Hate crimes

Cops Arrested a Black Man. He Called Them Nazis, So He Was Charged With a Hate Crime.

"This is not what the hate crime statute was for. This is criminalizing pure speech, and that violates the First Amendment."



Police officers in Crafton, Pennsylvania, arrested a 52-year-old black man, Robbie Sanderson, for shoplifting at a CVS in September of 2016. He called them Nazis, skinheads, and Gestapo as they cuffed him.

Because of those epithets, Sanderson was charged with "ethnic intimidation." Insulting the officers in such terms was an anti-white hate crime, from the perspective of the authorities. Sanderson had made bias-motivated "terroristic threats," they claimed. The alleged motivation increased the seriousness of Sanderson's crime from a first-degree misdemeanor to a third-degree felony.

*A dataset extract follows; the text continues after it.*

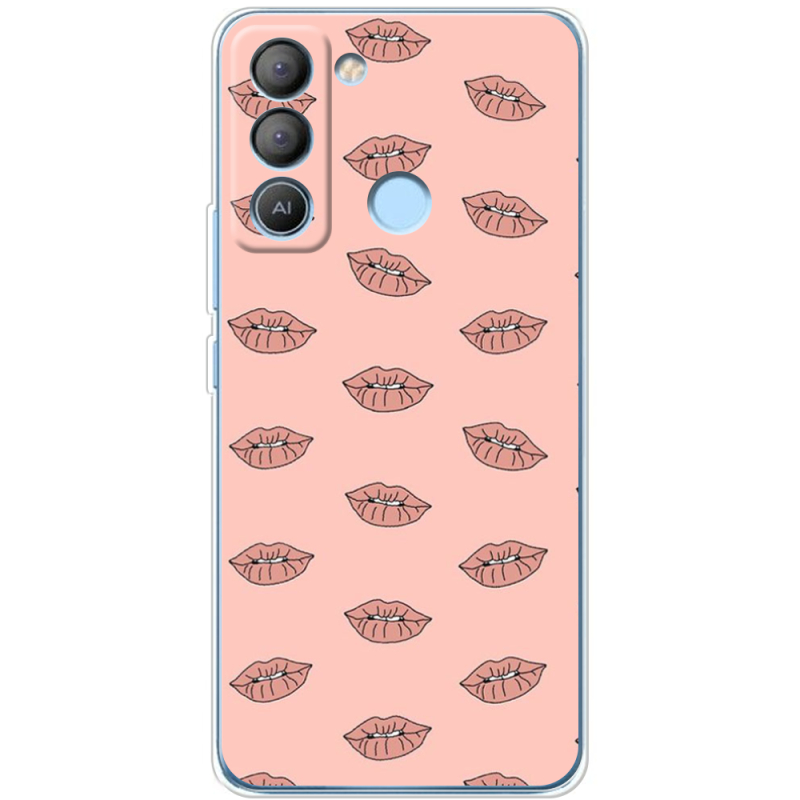 Чехол BoxFace Tecno POP 5 LTE 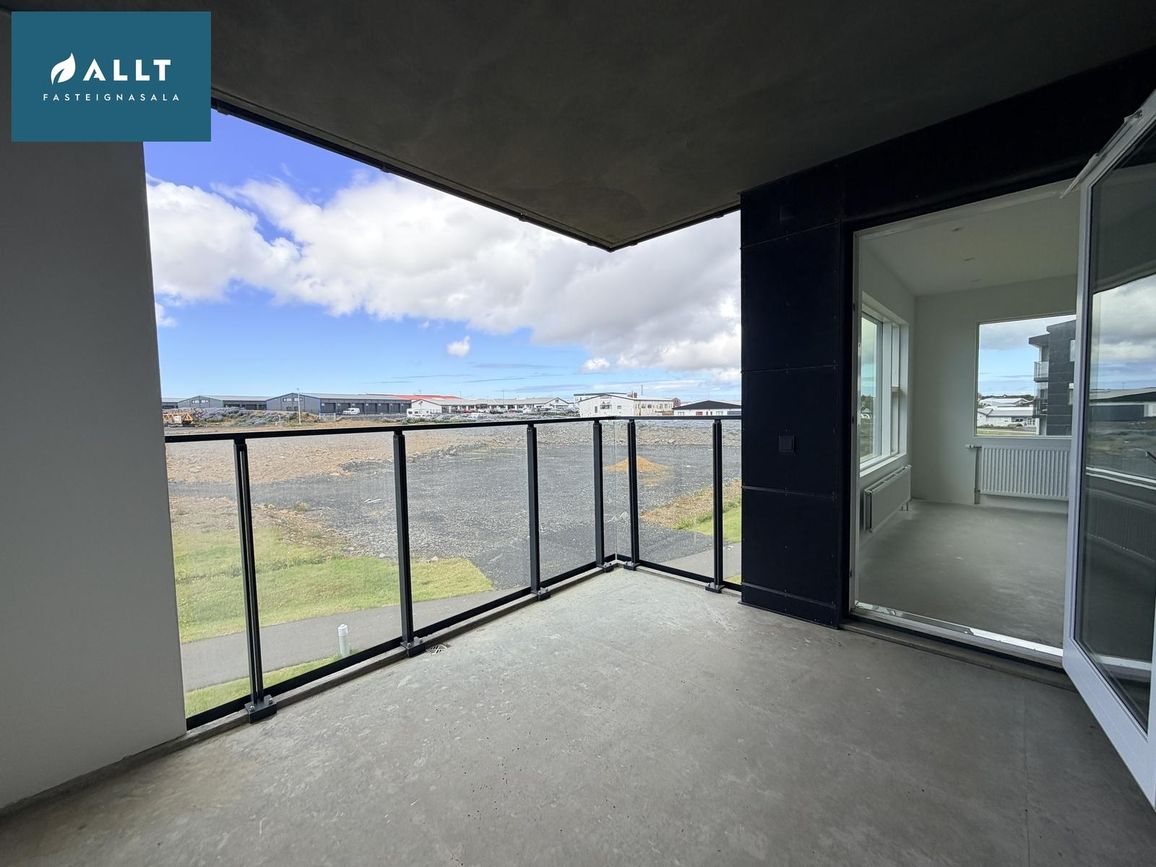 Asparlaut 26, 230 Reykjanesbær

That's according to The Appeal's Joshua Vaughn, who reports that Pennsylvania residents were charged with hate crimes for making offensive statements to police at least three other times. In each of these cases, including Sanderson's, the hate crime charges were eventually dropped. But the threat of a hate crime conviction can still hurt. Defendants might plead guilty to other offenses, for instance, if prosecutors agree to drop a hate crime charge.

In any case, it's absurd to think that the crime of "ethnic intimidation" was meant to include citizens who angrily rant at cops who are arresting them. "This is not what the hate crime statute was for," says the ACLU's Mary Catherine Roper. "This is criminalizing pure speech and that violates the First Amendment."

Making racially biased remarks isn't against the law. Rather, hate crime provisions enhance the penalties for offenses such as vandalism, assault, and, yes, terroristic threats. A man who beats up his neighbor might be guilty of assault, but a man who beats up his neighbor because the neighbor is black could be guilty of ethnic intimidation. Merely shouting at the cops during the course of an arrest shouldn't count.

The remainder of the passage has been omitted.